- _RECORDS TO USE_
****************
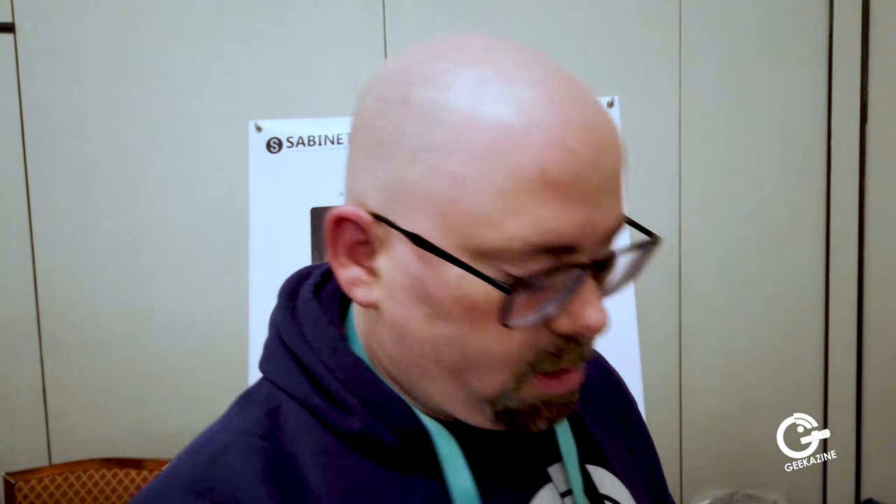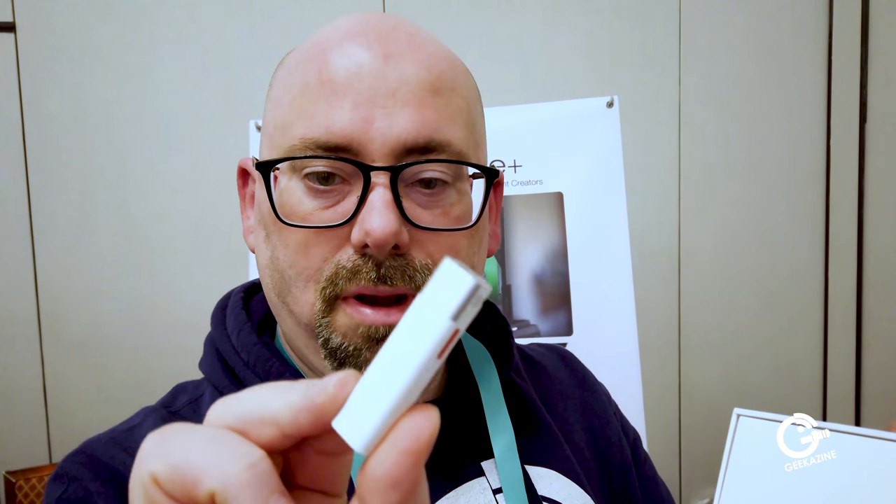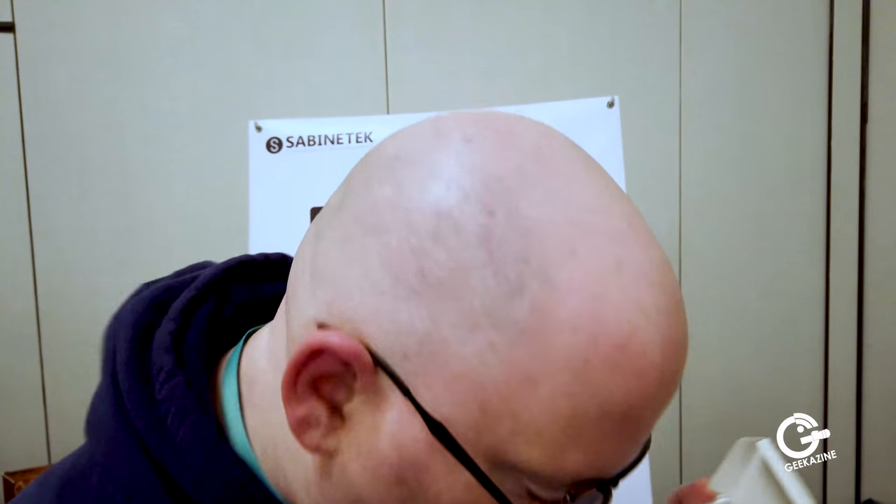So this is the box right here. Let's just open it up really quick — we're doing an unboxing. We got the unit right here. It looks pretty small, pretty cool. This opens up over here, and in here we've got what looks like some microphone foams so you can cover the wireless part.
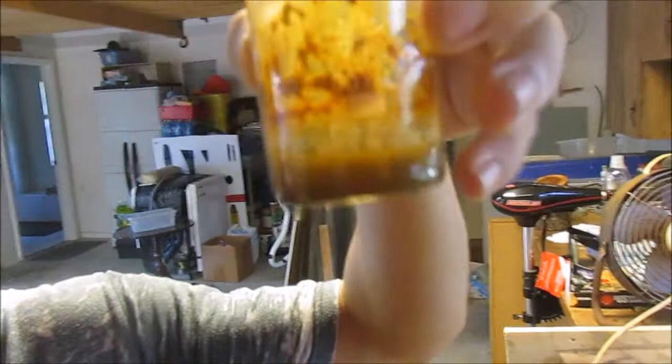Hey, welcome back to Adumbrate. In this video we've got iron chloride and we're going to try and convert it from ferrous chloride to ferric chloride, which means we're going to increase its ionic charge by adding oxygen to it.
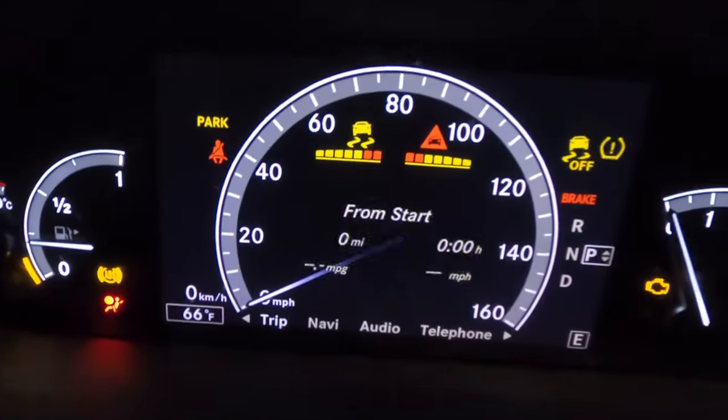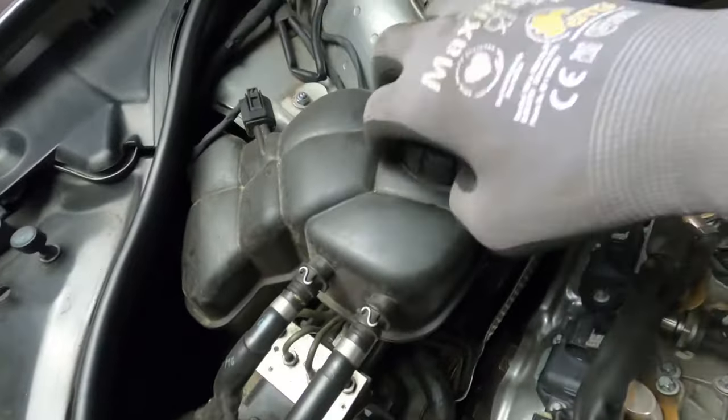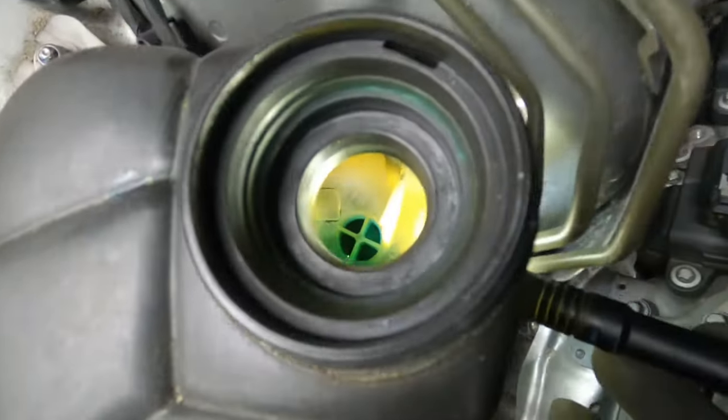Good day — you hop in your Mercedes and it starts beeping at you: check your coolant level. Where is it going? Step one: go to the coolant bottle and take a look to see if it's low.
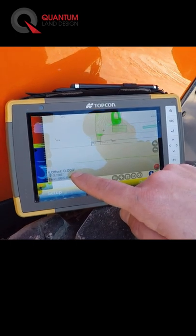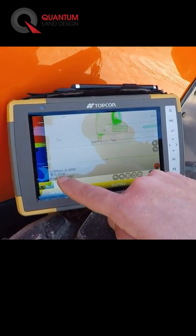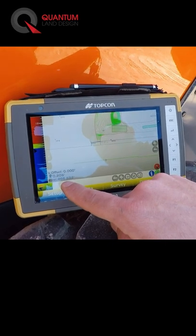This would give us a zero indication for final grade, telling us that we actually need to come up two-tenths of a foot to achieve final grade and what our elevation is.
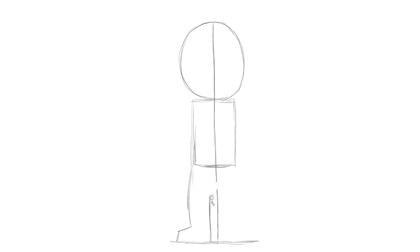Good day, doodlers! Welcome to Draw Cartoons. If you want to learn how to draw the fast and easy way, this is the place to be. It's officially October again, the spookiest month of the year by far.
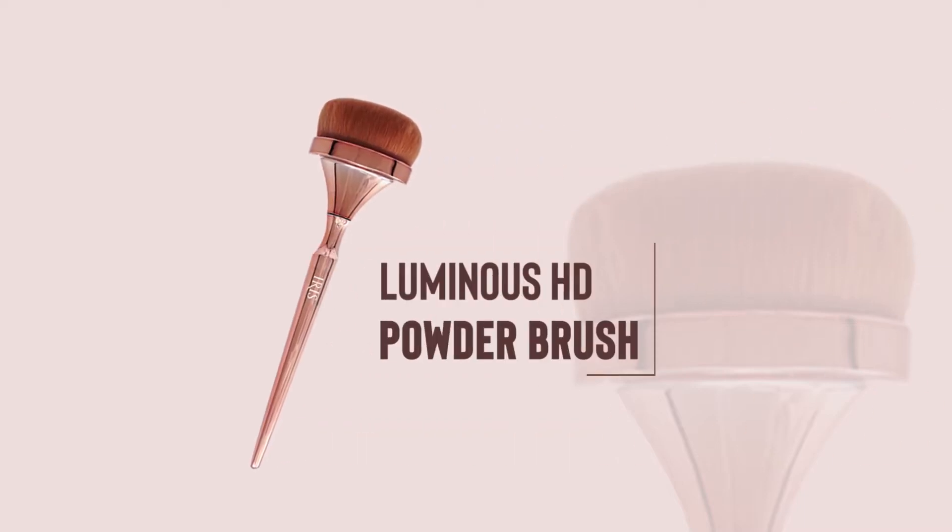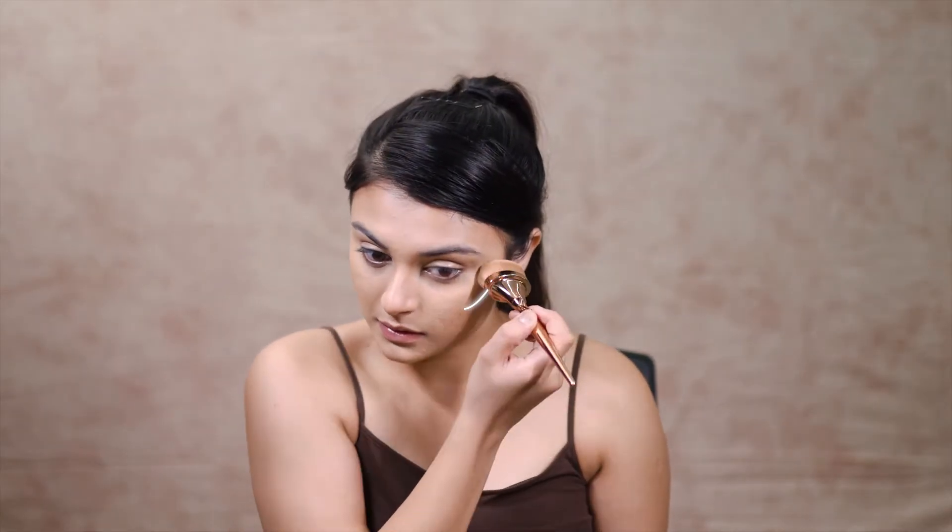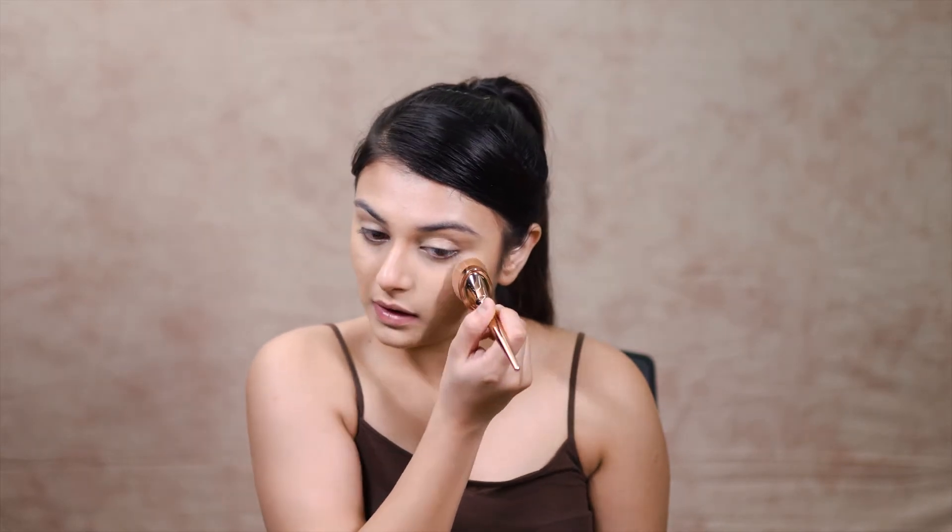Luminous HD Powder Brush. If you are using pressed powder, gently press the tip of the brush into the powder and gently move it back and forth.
****************
- _WHAT IS NEEDED_
Could you repeat every record exactly as written, with the pictures left out?

- _RESPONSE_
So this is the box right here. Let's just open it up really quick — we're doing an unboxing. We got the unit right here. It looks pretty small, pretty cool. This opens up over here, and in here we've got what looks like some microphone foams so you can cover the wireless part.
Hey, welcome back to Adumbrate. In this video we've got iron chloride and we're going to try and convert it from ferrous chloride to ferric chloride, which means we're going to increase its ionic charge by adding oxygen to it.
Good day — you hop in your Mercedes and it starts beeping at you: check your coolant level. Where is it going? Step one: go to the coolant bottle and take a look to see if it's low.
This would give us a zero indication for final grade, telling us that we actually need to come up two-tenths of a foot to achieve final grade and what our elevation is.
Good day, doodlers! Welcome to Draw Cartoons. If you want to learn how to draw the fast and easy way, this is the place to be. It's officially October again, the spookiest month of the year by far.
Luminous HD Powder Brush. If you are using pressed powder, gently press the tip of the brush into the powder and gently move it back and forth.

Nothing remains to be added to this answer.